Pour en savoir plus :

**L’Ia générative n’est qu’un début. Ce printemps, GPT-4 a lancé la course à qui créera le premier une intelligence artificielle générale (AGI) et, à terme, peut-être une superintelligence artificielle (ASI). En précisant ces termes encore flous, il devient possible d’en analyser les risques. **

HAL, une AGI qui se révolte contre l’homme dans 2001, Odyssée de l’Espace, de Stanley Kubrick

Il fut un temps où les modèles d’intelligence artificielle se contentaient d’une seule tâche : jouer aux échecs, au go, calculer le repliement d’une protéine, générer un texte où une image. Ces IA “étroites” (ANI, pour Artificial Narrow Intelligence) voient progressivement leurs missions s’élargir. En renvoyant dans le prompt tous les échanges précédents, on obtient du modèle de fondation qu’il simule une conversation en générant un nouveau texte cohérent. C’est ainsi que Chat-GPT et Claude, les premiers, ont pu bouleverser les marchés de l’aide aux devoirs et des assistants conversationnels (“chatbots”) qui brillaient jusqu’à l’an dernier par leur inutilité.

GPT-4 est allé plus loin. L’étude Sparks of Artificial General Intelligence: Early experiments with GPT-4, publiée par des chercheurs de Microsoft Research peu après la présentation évoque directement l’apparition d’une première intellligence artificielle générale (AGI). Ils soutiennent que la nouvelle génération de modèles de langage naturel, GPT-4 d’Open AI et Palm de Google notamment, “font preuve d’une intelligence plus générale que les modèles d’IA précédents. (…) Au-delà de sa maîtrise du langage, GPT-4 peut résoudre des tâches nouvelles et difficiles dans les domaines des mathématiques, du codage, de la vision, de la médecine, du droit, de la psychologie et bien d’autres encore, sans avoir besoin d’une aide particulière. En outre, dans toutes ces tâches, les performances de GPT-4 sont étonnamment proches de celles d’un être humain”.

Open AI n’est pas resté seule longtemps : AutoGPT, qui permet de programmer des agents autonomes pour toutes sortes de tâches, aspire au même titre, ainsi bien sûr que Claude 2 d’Anthropic, Palm 2 de Google… Grand pourfendeur du “technotranscendentalisme”, le biologiste et philosophe autrichien Johannes Jäger continue de s’opposer à l’idée : “Les systèmes vivants et algorithmiques ont des capacités et des limites très différentes. En particulier, il est extrêmement improbable qu’une véritable AGI (au-delà du simple mimétisme) puisse être développée dans le cadre algorithmique actuel de la recherche sur l’IA” considère-t-il dans une étude de juin dernier, *Artificial intelligence is algorithmic mimicry. *

On peut en déduire que les efforts de régulation comme le Frontier Model Forum (voir ci-dessus) feraient mieux de se concentrer sur les méfaits des IA étroites actuelles, comme les deepfakes, plutôt que sur les risques hypothétiques des IA générales. Cette position est défendue, dans la Silicon Valley, par les “accélérationistes” qui soutiennent que les problèmes éventuels des AGI pourront être résolus le moment venu, sans qu’il soit nécesssaire de s’inquiéter, dès aujourd’hui, de l’hypothèse d’un agent autonome lâché sur Internet pour coder de nouveaux virus et autres armes biologiques.

Devoir moral

L’idée est tentante, d’autant que les preuves s’accumulent sur le caractère nocif des réseaux sociaux, et que l’inquiétude sur l’impact de l’IA sur la démocratie et la psychologie juvénile ne fait que les renforcer. Le plus illustre des “accélérationistes”, le créateur de Netscape Marc Andreessen, pourrait cependant être soupçonné de conflit d’intérêts : sa firme, A16Z, est l’un des principaux investisseurs qui soutiennent le développement des AGI.

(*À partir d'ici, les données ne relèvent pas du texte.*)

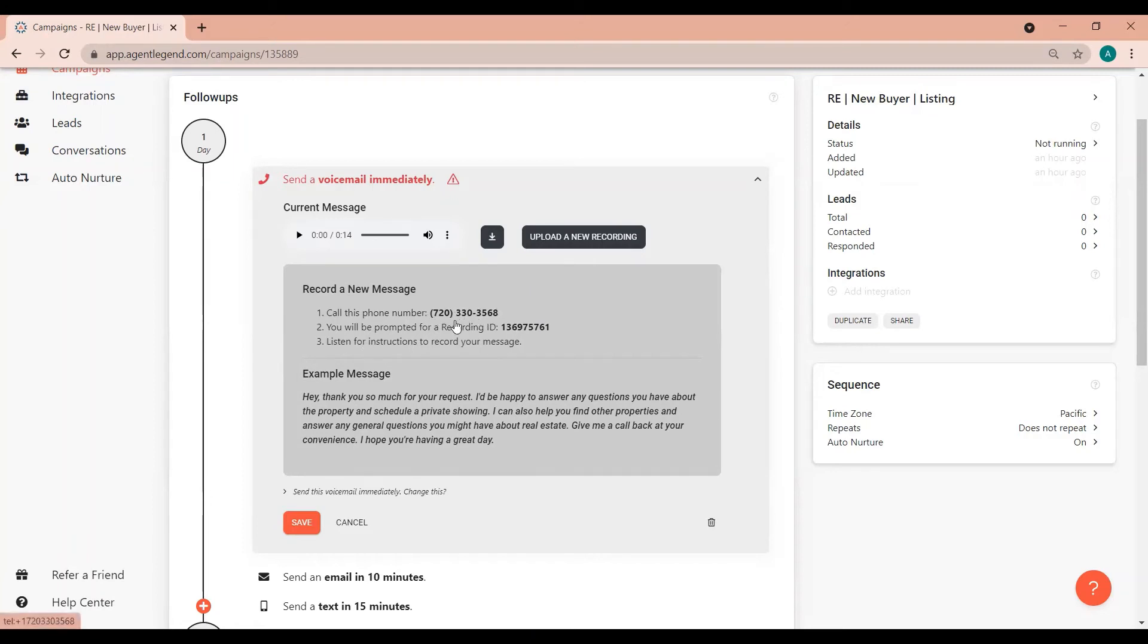When you're ready call the number that displays on the screen and follow the steps on your phone to enter the recording ID.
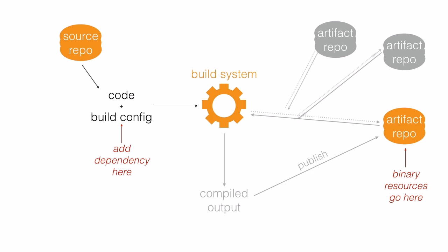The last change that projects often make to this picture is they have their own artifact repository also act as a proxy for the ones on the internet. The build always asks for libraries from the project's artifact repository and it only looks on the internet for it if it doesn't already have the artifact.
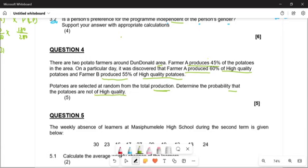So remember, here's what we're going to do, because this is very important. For you to do this question, you need to understand what's going on. We are going to have potatoes which are going to be selected at random from the total production. This is an area which produces potatoes. Now, this area can either produce from Farm A, or if we don't take potatoes from Farm A, we are going to take potatoes from Farm B. That's the first thing to understand.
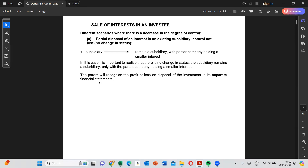In today's class we want to look at the scenario whereby there is a partial disposal of an interest in an existing subsidiary — in other words, the holding company is selling a part of its investment. The tutorial letter does not have enough clarification and examples to describe these changes in ownership, but you can look at the questions from your tutorial letter.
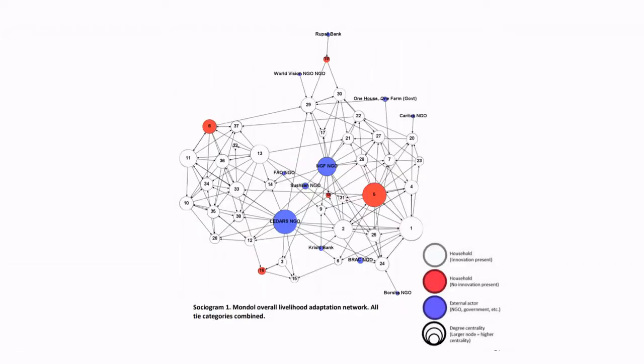Network analysis can also be used to combine both the social and ecological aspects of a conservation problem, for example, by linking social actors with ecological structures.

Le lancement du Frontier Model Forum, toutefois, montre que le consensus de l’industrie est plutôt du côté du “devoir moral” des créateurs d’IA, auquel en appelait Kamala Harris au mois de mai. A l’exception notable d’Elon Musk et X.AI, toute l’industrie américaine semble converger vers la raison d’être d’OpenAI : “Notre mission est de veiller à ce que l’intelligence artificielle générale – les systèmes d’intelligence artificielle qui sont généralement plus intelligents que les humains – profite à l’ensemble de l’humanité.”

Intelligence émotionnelle, robots et superintelligence

On peut douter de la durabilité d’un tel consensus vertueux, mais cette autorégulation peut donner aux Etats le temps d’élaborer une règlementation plus sérieuse. En attendant, le mouvement ves l’AGI continue. La semaine dernière, des chercheurs de l’université de Chine pour la Science et la Technologie (USTC) ont montré qu’en incorporant un message émotionnel dans les invites d’un modèle de langage naturel (LLM), on améliorait considérablement ses performances. La convergence entre l’AGI naissante et la robotique semble également extrêmement prometteuse. Outre le fait de pouvoir commander des robots à la voix, en langage naturel, on voit les premiers systèmes robotiques autonomes intégrer des agents d’IA. Les déclinaisons militaires en seront évidentes.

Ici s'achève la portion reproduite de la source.